Numerical investigation on the heat transfer of plastic waste pyrolysis in a rotary furnace

Abstract

The increasing plastic wastes have become a serious concern to the environment. Plastic wastes could be efficiently converted to fuel via pyrolysis. In the process of plastic pyrolysis, the key process parameters will affect the production of the final product, the distribution of pyrolysis gas, pyrolysis oil, and pyrolytic wax. Based on previous experiments, the discrete element model and computational fluid model were established in this study to compare the influence of heat carrier loading and furnace rolling speed on the pyrolysis of waste plastics in a rotary furnace.
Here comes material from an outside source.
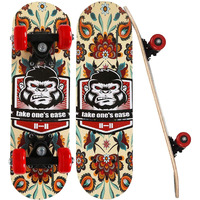 Strauss Kids Skateboard | 17 X 5 Inches Maple Wood Skateboard with PU Wheels for Kids Upto 5 Years | Suitable for Boys and Girls | Ideal for Beginners,Learners and Training Purpose, (Chimps)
The simulation results indicate that when the granular heat carriers were loaded, as the heat carrier loading increased, the translational velocity and angular velocity of the waste plastic particles increased. Compared with the heat carrier-free case, the heating rate of the waste plastic particles is greatly increased when the heat carrier was loaded. The increase in the heat carrier loading also increased the residence time of the pyrolysis volatiles in the rotary furnace. With the acceleration of the rolling speed of the furnace, the translational velocity and angular velocity of plastic particles all increased, but the improvement of heat transfer efficiency is not obvious. This is consistent with the insignificant change in the pyrolysis product in the previous experimental results. The CFD-DEM simulation (excluded the pyrolysis reaction model) provided detailed information on particle movement, heat transfer and volatile residence time which could be used as an effective tool to interpret the experimental observation and optimize the process parameters.